Ces deux derniers points méritent d’être explicités et cela tombe plutôt bien, puisque l’atlas se montre particulièrement prolixe en la matière. Il est ainsi noté que la Corse, le Languedoc ou l’ancien bassin minier du Nord présentent des revenus largement plus faibles que la moyenne nationale, au contraire de l’Alsace ou le Jura, où beaucoup de résidents travaillent en Allemagne ou en Suisse et peuvent y bénéficier de salaires plus élevés. En élargissant le spectre à l’échelle mondiale, on constate que la France pointe au neuvième rang pour le PIB PPA, qu’elle contribue grandement au budget de l’ONU, l’OTAN ou l’OSCE, avec des participations qui varient de 20 millions d’euros à plus de 100 millions d’euros, que plus de 100 instituts culturels français sont présents aux États-Unis, pour une cinquantaine au Brésil ou en Argentine, sans compter les dizaines installés en Chine, en Australie et sur tout le territoire africain. Le soft power français passe aussi par France 24, l’AFP ou le Louvre Abu Dhabi.
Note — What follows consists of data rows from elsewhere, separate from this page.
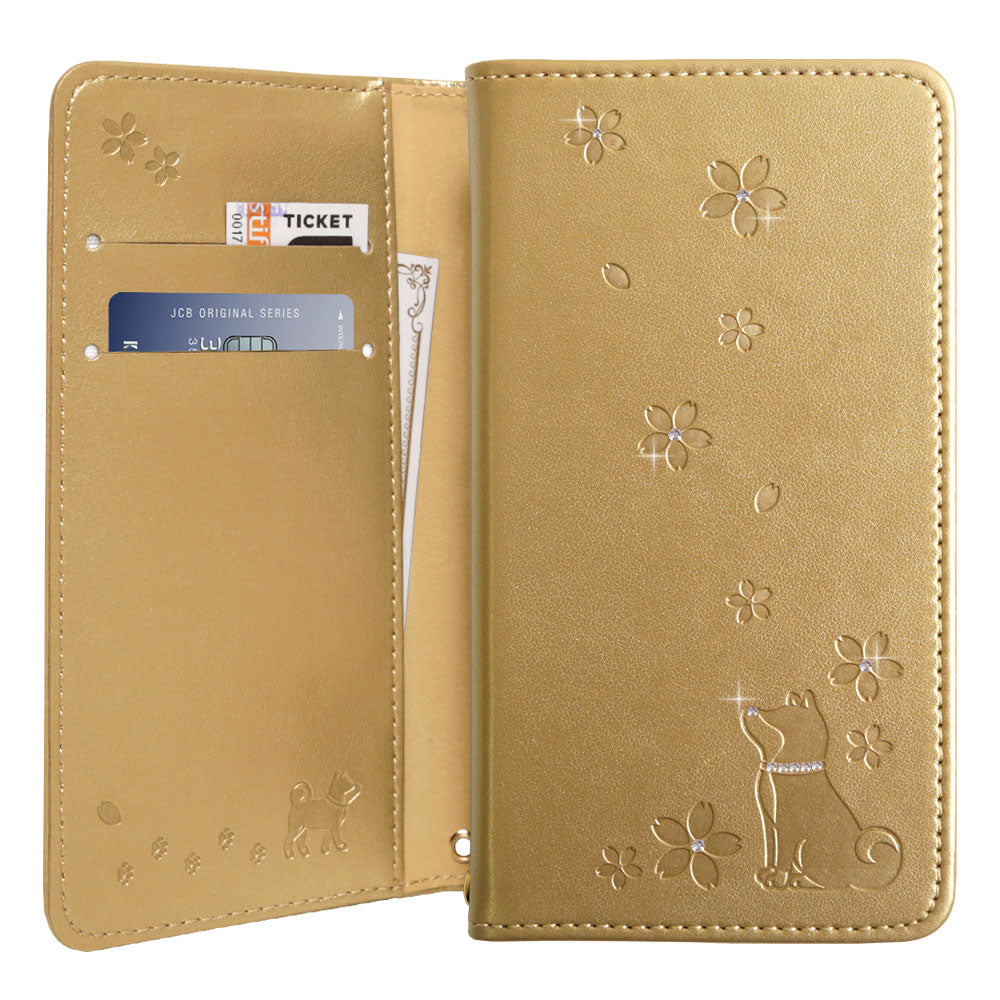 Étui portefeuille en cuir végan embossé motif chien avec décoration en pierre pour la série Xperia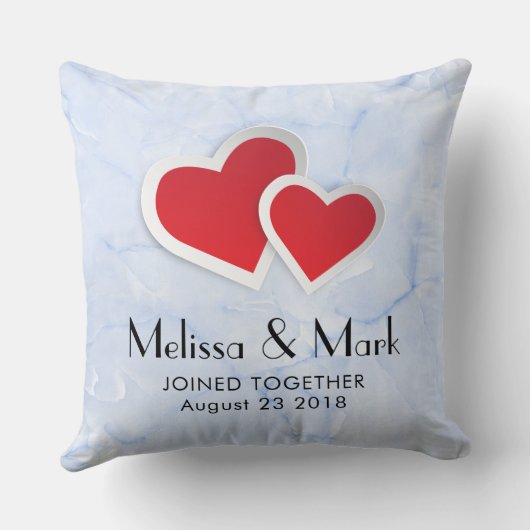 Coussin 2 Coeurs en papier rouge sur Mariage en marbre ble (Verso)
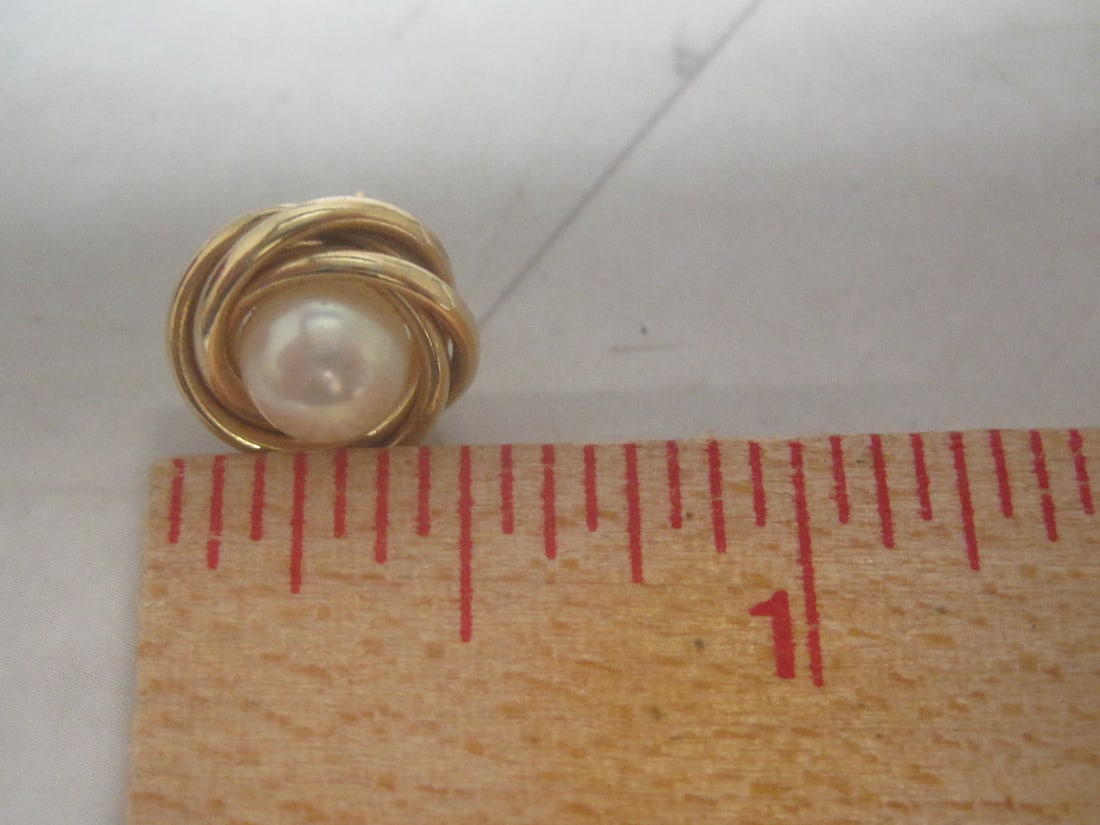 14k Gold Pearl Earrings - 4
La France reste par ailleurs l’un des cinq membres permanents du Conseil de sécurité de l’ONU ; elle dispose de la bombe nucléaire et figure au troisième rang des exportateurs d’armes, derrière les États-Unis et la Russie.

En France, nous disent les auteurs, les personnes immigrées et étrangères sont surreprésentées dans les grands pôles urbains et surtout à Paris, la proximité spatiale ne signifie pas nécessairement la cohésion sociale, près de 50 % des surfaces artificialisées entre 2006 et 2014 l’ont été pour construire des logements individuels et l’importance économique du tourisme s’objective par les 90 millions d’étrangers visitant le pays ou des régions comme l’Occitanie, la Corse ou la PACA dépendant à plus de 7 % des recettes touristiques (58 milliards de dollars en tout en 2019). La France, c’est aussi 85 à 95 % d’urbains, des paysages variés, un phénomène de métropolisation par lequel les villes-territoire deviennent des villes-réseau, un littoral convoité et densément peuplé, accueillant des activités portuaires, de pêche, d’aquaculture ou d’exploitation des énergies marines. La croissance de sa population se fait essentiellement en périphérie des villes, le long des axes de communication ou dans les communes périurbaines bien connectées. Mais des politiques ciblées cherchent aussi à revitaliser les villes moyennes, à travers l’amélioration de l’habitat, la requalification des espaces publics ou une meilleure gestion des commerces.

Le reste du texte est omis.